The world is filled with unanswerable questions: Why does it never rain on the days I make the effort to pack an umbrella? Why is the B train always late? And why, after his Human Events and Rachel Maddow Show racism train wreck this past week, is Pat Buchanan still employed?
For economist Robert H. Frank, seemingly unanswerable conundrums like these are not just entertaining brainteasers. They’re also a testament to the power of economics. In his book The Economic Naturalist, Frank tackles some of these questions, searching for an economic explanation for each of them, explanations so simple in hindsight that the reader is left wondering why he or she didn’t think of them first.
Why do 24-hour convenience stores have locks on their doors? Because most industrial doors are made for businesses that close at night and that therefore need locks, and to manufacture special lock-less doors for 24-hours stores would be unnecessarily costly. Why are milk cartons square while soda cans are round? Because milk, which requires refrigeration, is stored in containers designed to use expensive space as efficiently as possible, whereas soda, which doesn’t require refrigeration, can be stored in containers that don’t tessellate without wasting space and money.
My favorite of Frank’s explanations answers a question I have asked many times: Why do women’s clothes always button from the left, while men’s clothes always button from the right? Here’s the answer Frank came up with:
When buttons first appeared in the seventeenth century, they were seen only on the garments of the wealthy. At that time it was the custom for men to dress themselves and for women to be dressed by servants. Having women’s shirts button from the left thus made things easier for the mostly right-handed servants who dressed them.

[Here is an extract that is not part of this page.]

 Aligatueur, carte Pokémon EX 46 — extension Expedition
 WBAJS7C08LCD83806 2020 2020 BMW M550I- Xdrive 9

Which is all well and good, but as Frank notes, most women dress themselves these days, so why do women’s garments still button from the left? Well, Frank writes, “a norm, once established, resists change.” This particular change-resistant norm isn’t a particularly troublesome one. Sure, it makes it a little more challenging for a woman to get dressed for work, but if the biggest problem facing Western women is that their collared shirts require slightly more early-morning dexterity than those of their male colleagues, I think we can rest easy.
That said, the left-button norm has a less-than-rosy past. The idea that women were merely ornamental and should therefore wear elaborate gowns that made it all but impossible for them to dress themselves has long since died away. But the norm remains, an artifact of a bygone era and its outdated beliefs.
One of my best girlfriends, an intelligent law student, really appreciates it when her boyfriend opens the car door for her, or when he buys her flowers for no special reason. Not long ago, we were discussing the place of these kinds of chivalrous actions in modern dating. In its most common and harmless iteration, chivalry is simply “gentlemanly” behavior of the kind demonstrated by Elinor’s boyfriend. But historically, the basis for chivalrous behavior was the belief that women were inherently weaker than men, and were therefore to be protected and honored. Putting “the fairer sex” on a pedestal might have led men to fight for women’s honor, but it didn’t stop them from denying women education or selling them into politically and economically advantageous marriages, also in the name of protecting their honor.
These days, most men who behave in a gentlemanlike fashion don’t do so because they think that women are inherently weak. They do it simply because that’s what they’ve been taught to do; it’s a social norm. And as Frank writes, a norm, once established resists change.
Elinor and I disagree and of course, everyone feels differently about the role of chivalry in modern society. Personally, I never met a door that was too heavy to open by myself, and I get a kick out of the confused look that forms on the faces of some men when women open doors for them. I also think that if you’re going to open doors for women, you should open them for men, too. Elinor agrees, but while she’s economically capable of buying herself flowers for no special reason, she certainly doesn’t see the point in buying them for her boyfriend, who doesn’t particularly like flowers, all for the sake of gender equality.
I think we can agree that changing women’s (or men’s) buttons from one side to the other in the name of gender equality would be excessive. But it’s no wonder that many feminists find chivalry, with its deeply sexist history not quite a thing of the past, offensive. The belief that women are beautiful, fragile creatures needing protection from and by men, and that for their sacrifice, men will be rewarded with obedient women, is perhaps not as far behind us as we’d like to think. So it’s also no wonder that those same feminists (and I count myself among them) long for a world in which men and women, in addition to opening doors for each other regardless of gender, also extend the courtesy of mutual respect, regardless of gender.
Why We Resist Change
An excellent economics book explains why our shirt buttons are different, why the overnight convenience store has locks on the door, and why consistently wrong pundits remain employed.